Early adolescence is where gender inequalities most markedly emerge, according to new research from across 40 low- and middle-income countries in Asia and the Pacific.

The research, published in Lancet Global Health and led by researchers at Burnet Institute and the University of Melbourne, is the first systemic analysis of gender inequality across childhood and adolescence.

Funded by UNICEF, the research focused on 40 low and middle-income countries in Asia and the Pacific, and it includes an in-depth analysis of 87 indicators measuring health, education and transition to employment, protection, and the safety of the environment in which young people live in.

The study found that adolescent girls experience a high burden of poor sexual reproductive health, sexual and intimate partner violence, and are substantially more likely to be married as children. Despite girls achieving equality in secondary education in many countries, they are less likely to transition to further education, training or employment and have less access to information technology than boys.

Boys were found to experience poorer outcomes in some key areas – higher mortality, particularly due to violence, injury and suicide, and overall higher rates of harmful drinking and smoking. Boys are also more likely to be engaged in child labour and hazardous work compared to girls.

University of Melbourne Associate Peter Azzopardi, Co-Head of Burnet’s Global Adolescent Health Research Group, said: “These findings signify that for adolescents, puberty brings on a very different engagement with the world around them, with harmful gender norms resulting in very different opportunities for girls and boys. Gender norms and patriarchal systems that assign a lower status to girls and enforce narrow, rigid ideals of masculinity harm both girls and boys.”

Dr Elissa Kennedy, Co-Director of Maternal, Child and Adolescent Health at the Burnet Institute, said the study addresses a significant gap in our understanding around gender inequality across the first two decades of life. It complements a 2019 Lancet series on Gender Equality, Norms and Health, which focused predominantly on adult women.

“Son-preference is evident in some countries, but we otherwise found few differences by gender in health and wellbeing during childhood,” Dr Kennedy said. “What was striking, however, was how consistently gender inequality emerges in early adolescence across broad areas of wellbeing.

“From around 10 years of age, there are very different risks, outcomes and opportunities for girls and boys, with these gender inequalities persisting into later adolescence and early adulthood.”

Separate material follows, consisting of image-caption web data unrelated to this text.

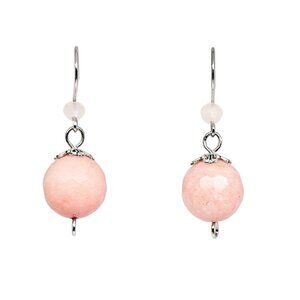 Handmade Coral Gemstone Bead Earrings Silver Tone Dangle Boho Drop Jewelry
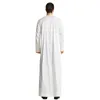 Vêtements ethniques hommes musulmans manches longues col montant couleur Pure broderie Robe arabe mâle adulte cheville longueur Thobe Ramadan Eid vêtements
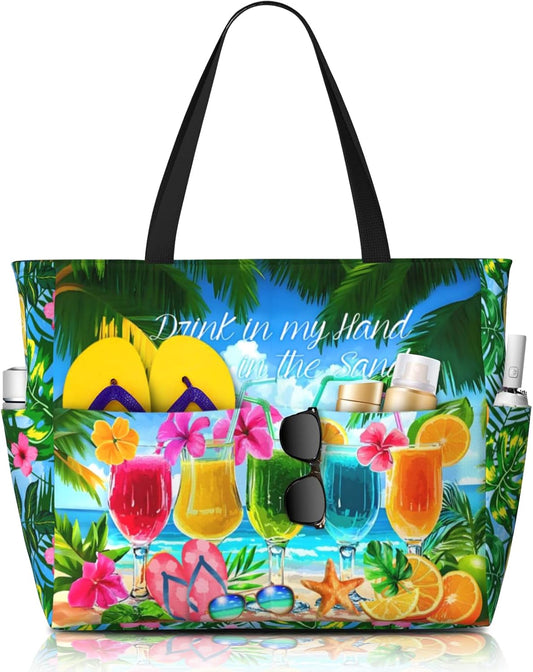 Large Beach Tote Bag Beach Bag Waterproof Sandproof Lightweight Women Tote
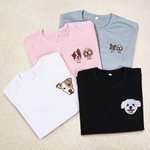 Gepersonaliseerd Geborduurde Cartoonhond Avatar T-shirt Sweatshirt Hoodie met 1–2 Foto’s en Namen Verjaardagscadeau voor Huisdierliefhebbers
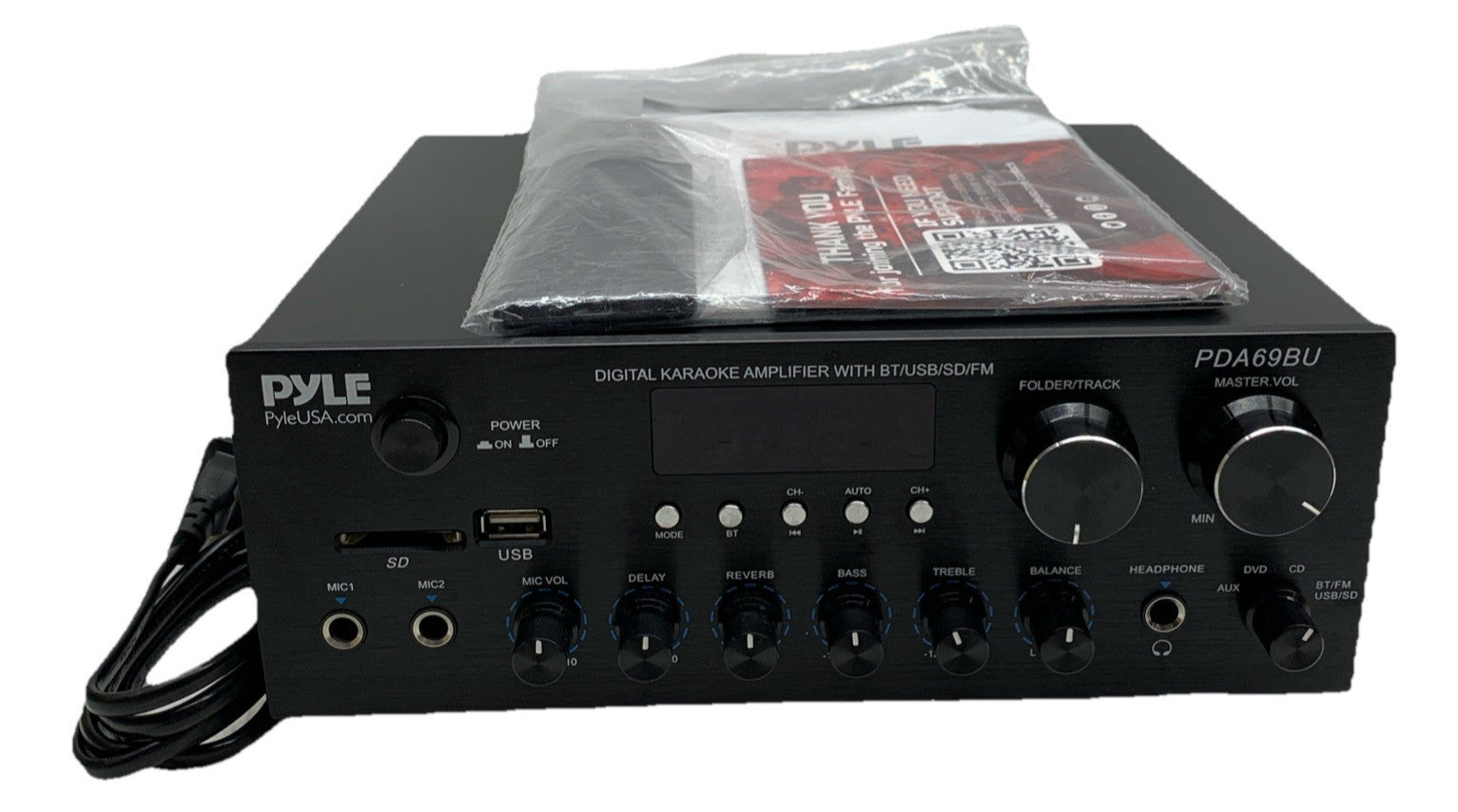 Pyle Stereo Karaoke Amplifier Audio Receiver w/Remote Control Bluetooth Black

As well as helping to better understand how gender inequalities emerge across childhood and adolescence, this study is especially valuable in providing important data for policymakers and programmers to inform country-specific investments.

“These data highlight the need to maintain efforts to address son preference that persists in some settings,” Dr Kennedy said. “More broadly, this study identifies early adolescence as a critical time to address gender inequality, as this is when significant disparities emerge and when gender identity, norms and roles are consolidated.

“There is an unfinished agenda with respect to ensuring sexual and reproductive health, ending child marriage, and addressing violence against girls. But data also show the implications of gender inequality for girls extend to economic participation, risk taking behaviour, and suicide in some settings. These data also highlight the need to include a focus on boys in gender programming.”

Key trends in the data relating to education, nutrition, alcohol, drugs, HIV, self-harm and several other indicators, include:

  • Mortality: Boys experienced higher rates of mortality from all causes compared to girls during the first year of life in all countries except India, a risk that continued to increase with age. The greatest difference was among 15-19-year olds, though Pakistan and India were notable exceptions.
  • Suicide: Mortality due to self-harm was higher for boys for the majority of countries in East and Southeast Asia, Central Asia and the Pacific, with the rate of suicide in boys aged 15-19 at least three times that of girls in Kiribati, Thailand, Myanmar, Malaysia and Indonesia. By contrast, girls aged 15-19 years in Bangladesh, India and Pakistan had suicide rates more than twice that of boys.
  • Alcohol/Drugs: Adolescent boys had greater risk of morbidity relating to alcohol and other drugs in all countries surveyed. Boys aged 10-19 years are twice as likely as girls to report smoking, four times so in East Asian countries.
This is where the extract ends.